It's been about 140 years, and managers are still coming up with ways to bend baseball's rules, which is why Baseball's still refining those rules. From the Associated Press (via ESPN.com):
Maybe this should be the Joe Maddon Rule.
A season after the Tampa Bay manager put outfielder Sam Fuld to the mound to warm up for the sole purpose of giving a reliever extra time in the bullpen, Major League Baseball closed the loophole.
MLB has amended Official Baseball Rule 3.05 regarding such shenanigans. The change will "prohibit a manager from sending his current pitcher out to warm up with no intention of having him pitch because a relief pitcher is not ready to enter the game."
Last June in this game against the Brewers, Fuld pinch-hit for reliever J.P. Howell in the top of the eighth inning. At that moment, the Rays were ahead 5-1 and Maddon planned on replacing Fuld in the lineup with reliever Joel Peralta. But moments later, Evan Longoria made it 8-1 with a three-run home run and Maddon wanted to go with reliever Cesar Ramos instead of Peralta.

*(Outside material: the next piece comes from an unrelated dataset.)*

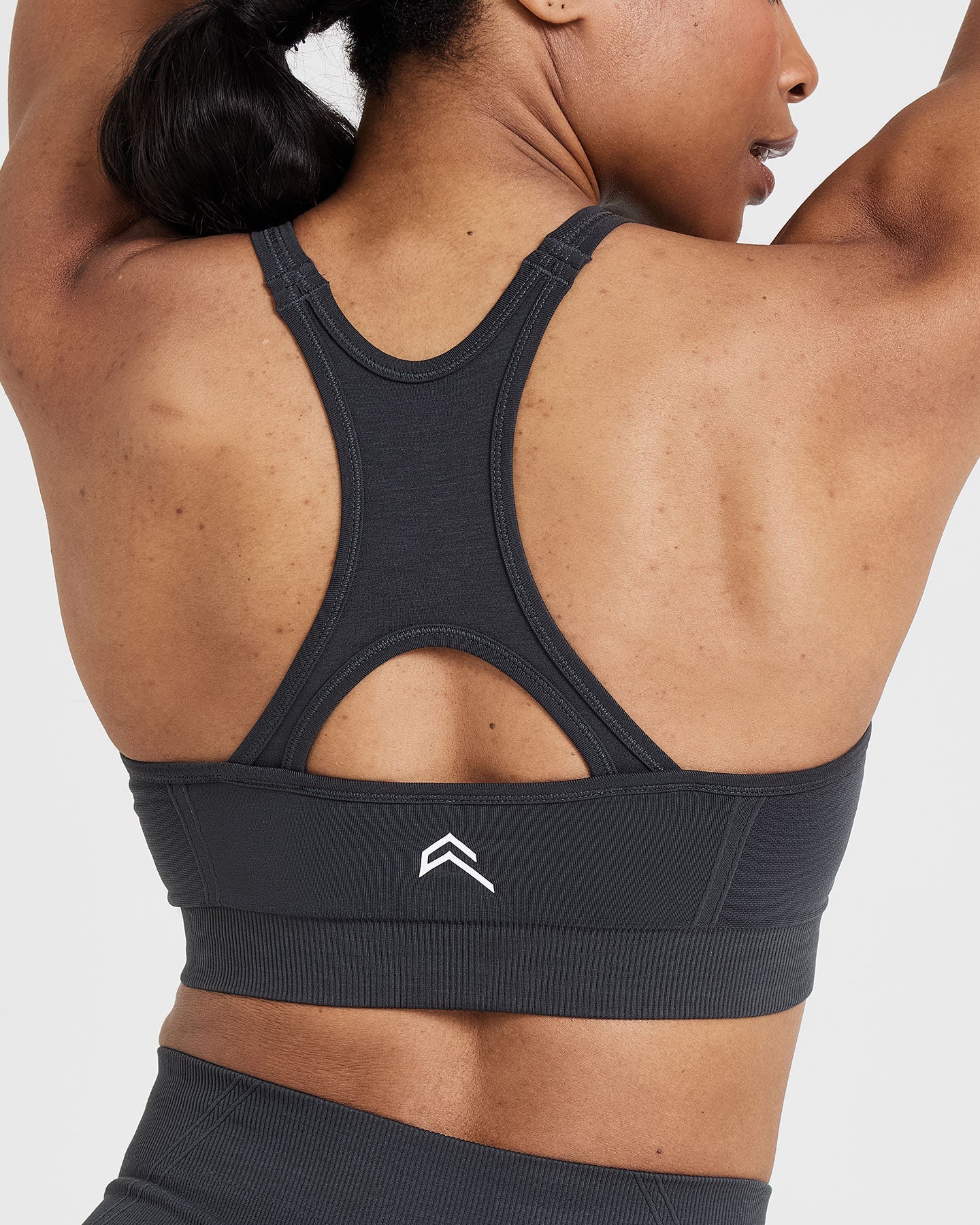 EffortlessLift™ Seamless High Neck Bralette with White Logo | Coal - Image 5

Just one problem: It all happened so fast that Ramos wasn't warmed up enough to start the bottom of the eighth inning. So Maddon sent Fuld to the mound to "warm up" while Ramos kept working in the bullpen. This delayed the game by (presumably) an extra few minutes. Hence, the "Joe Maddon Rule" ... as Maddon suggested with a laugh, the "Sam Fuld Rule".
Maddon does raise an interesting question about all this:
How do they know the intentions are not to pitch him? How would you know that? You could easily leave him in there for one hitter if you had to. My concern would be you could still send out your previous inning's pitcher to warm up and then pull him out of the game before the first batter. That's still OK, correct?

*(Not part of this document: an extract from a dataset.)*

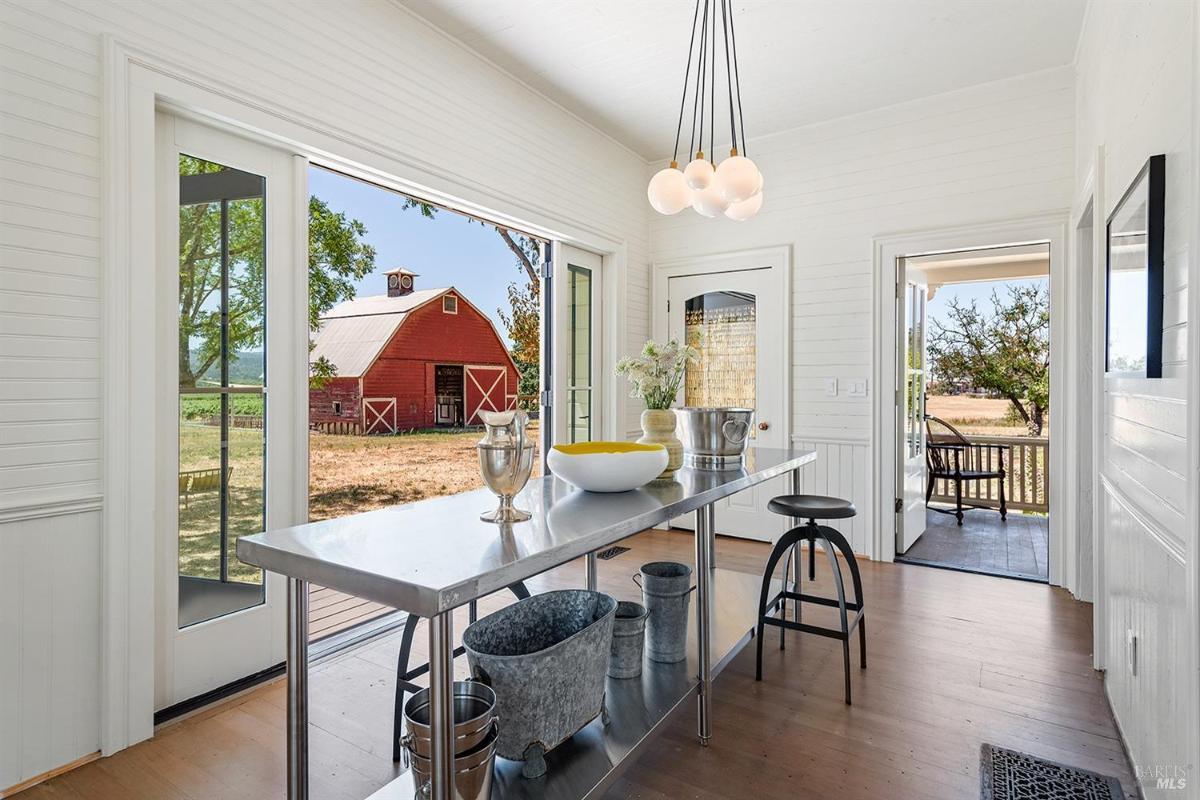 Sunroom with stainless steel table, open doors, and view of a red barn outside.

What if the Rays, instead of being up 8-1, were down 11-1? Would the umpires have simply assumed that Fuld wasn't actually going to pitch in a game that was essentially lost? It seems to me the umpires can't know a manager's intention until the manager actually makes the move for the guy in the bullpen. At which point it's too late to do anything about it.

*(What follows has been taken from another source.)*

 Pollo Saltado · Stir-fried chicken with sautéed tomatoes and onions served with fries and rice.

So while the Sam Fuld Rule makes sense in theory, I don't quite understand how it's going to work in practice. And I'm not at all surprised that Maddon immediately spotted the problem.
Rule 3.05 isn't the only change in the book this year:
The rules committee, composed of executives, former players and an umpire, recently made a few other adjustments, none major.
Bats with a scooped end on the barrel can have an indentation of 1 1/4 inches, up from 1 inch. And the word "baseline" has been replaced in spots by "base path."
Also, the process for appealing an official scorer's ruling has been changed. In the past, a team's public relations employee would often ask the scorer to review a call. Now, a player's agent will work with the union to appeal, then there will be a process between MLB and the union to reach a decision.
Base path? With a space? I mean, I'm all for restoring hyphens and inserting spaces and windmill-tilting, but that's a losing battle, my friends. We'll see if it survives the final editorial process; if so, hats off to Commissioner Bud.*
* You think I am kidding. I am not.
That last bit is going to make a lot of official scorers all kinds of happy, I'll bet. Have you ever dealt with a teenager who wanted his way, no matter what? Now give that teenager $10 million and all the pretty girls in sight, and see how belligerent he can be.
They're not all so bad, but major-league baseball players routinely say terrible things to official scorers with whom they disagree. You're not going to make the players grow up. So simply eliminating the scorers from the appeal process was the only solution, and long overdue.